Within this culture, economics—not community well-being, not morals, not ethics, not justice, not life itself—drives social decisions.

It was a foregone conclusion that Kubla Christie was going to get the NJ Legislature to rubber stamp his exemption for tax breaks for Triple Five. No one doubted that. Most of the Legislature is far too gutless to even suggest that they let the project die, even though it's an environmental catastrophe on a long list of environmental catastrophes in the Meadowlands.

It's hard enough keeping my house comfortable in 90-degree heat. I can't imagine the amount of energy that's needed to keep a ski slope frozen in those conditions. The whole thing is just one big energy black hole, plus a massive generator of solid waste, nonpoint source pollution and greenhouse gas emissions.

One might say that the area is already so bad that adding this thing really won't make a difference.
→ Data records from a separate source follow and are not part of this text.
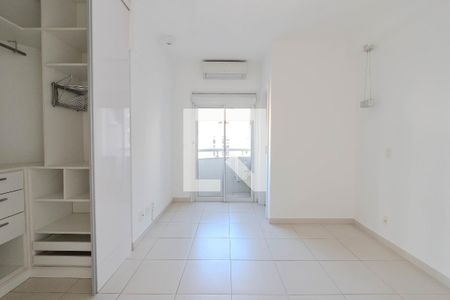 Suíte de apartamento para alugar com 1 quarto, 52m² em Bela Vista, São Paulo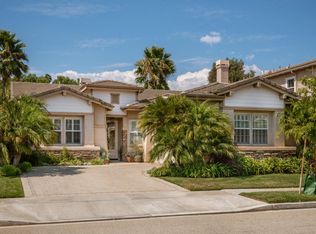 9667 Chamberlain St, Ventura, CA 93004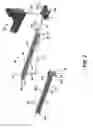 Fig. 03 - Telescoping and elevating femoral support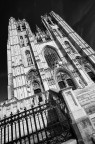 Sint-Michiels en Sint Goedelekathedraal Sint-Michiels en Sint Goedelekathedraal
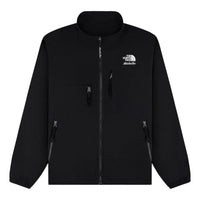 The North Face x Aimé Leon Dore Nylon Denali Jacket 'Black' FW25WJ002-BLAC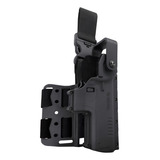 Coldre De Perna Pro-sp Ii : Beretta Imbel Glock Taurus Sig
Again, I refer you to the 20 Premises.

It has to stop somewhere.

Friday, July 8, 2011

The Marshes Are Coming

I ran across this article about some of the little problems that are beginning to surface as Triple Five begins its initial assessment of the work that will be needed in getting their Xanadu/American Dream to become a reality. As a homeowner who is heavily involved in DIY and a former contractor who worked on renovation and restoration, I can attest to the fact that there is always more to the story when you begin work on an existing building. But there may be a little more than just a can of worms here.

The previous builder of the Xanadu project cut a few corners here, saved a few pennies there, all the while ignoring the reality of the land and the culture that they were developing. I know I'm not an engineer, and I'm certainly no expert in science or sociology, but I can't help but think that we're seeing the beginning of another historic folly in the Meadowlands.
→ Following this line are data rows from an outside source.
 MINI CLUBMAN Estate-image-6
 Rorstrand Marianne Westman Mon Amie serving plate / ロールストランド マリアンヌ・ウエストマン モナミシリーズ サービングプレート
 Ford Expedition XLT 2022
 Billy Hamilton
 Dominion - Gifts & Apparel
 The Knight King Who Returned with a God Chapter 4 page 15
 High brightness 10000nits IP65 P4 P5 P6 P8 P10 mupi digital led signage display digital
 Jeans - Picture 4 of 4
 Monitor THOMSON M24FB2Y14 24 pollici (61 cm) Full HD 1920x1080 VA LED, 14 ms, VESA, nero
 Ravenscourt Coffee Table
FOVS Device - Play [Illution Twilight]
It's always a combination of factors, and New Jersey is a complicated place. Corruption, pollution, sordid local history, strange geography (The Meadowlands certainly is that) all come together to weave a fascinating bit of lore around a fascinating place. I've quoted this before, that the Meadowlands is the place where dreams go to die. I think we're watching another one succumb to the will of the marshes in real time.

Thursday, July 7, 2011

American Dream pt 16 (ho-hum)

This is a really boring phase now, as the changes will really not be very dramatic. It's going to be tedious painting all of those foxtails, and I have to be continually aware of changes in scale as I plod along. I've done this before on a past work* and I didn't go batshit crazy so there's hope for me. I have all summer to finish this off so happy painting mothaf#cka!

Well, Kubla Christie got his illegal tax breaks passed through the very willing New Jersey legislature. The whole thing is barely news anymore, and the outcome was expected. Governments and corporations generally get their way and the natural world is only a resource to be exploited so a few can get rich. Thus, the majority of my posts will be boring, tedious and barely noticeable updates to the painting. Sounds fun, eh?

I'll post updates as closeups so as not to confuse anyone into thinking that I posted the same image more than once. Actually, if you follow and really care you'll notice a very gradual and sublime change from post to post that will have its own subtle drama. At least that's what I'm telling myself.

*bite me, UPS

Wednesday, July 6, 2011

American Dream pt 15 (been a while)

I'm back after a small hiatus. You be the judge as to whether or not I brought my mojo back with me.

I'd have more to say but its late. Strange to say, I have a sudden craving for White Castle chicken rings which almost makes me hate myself.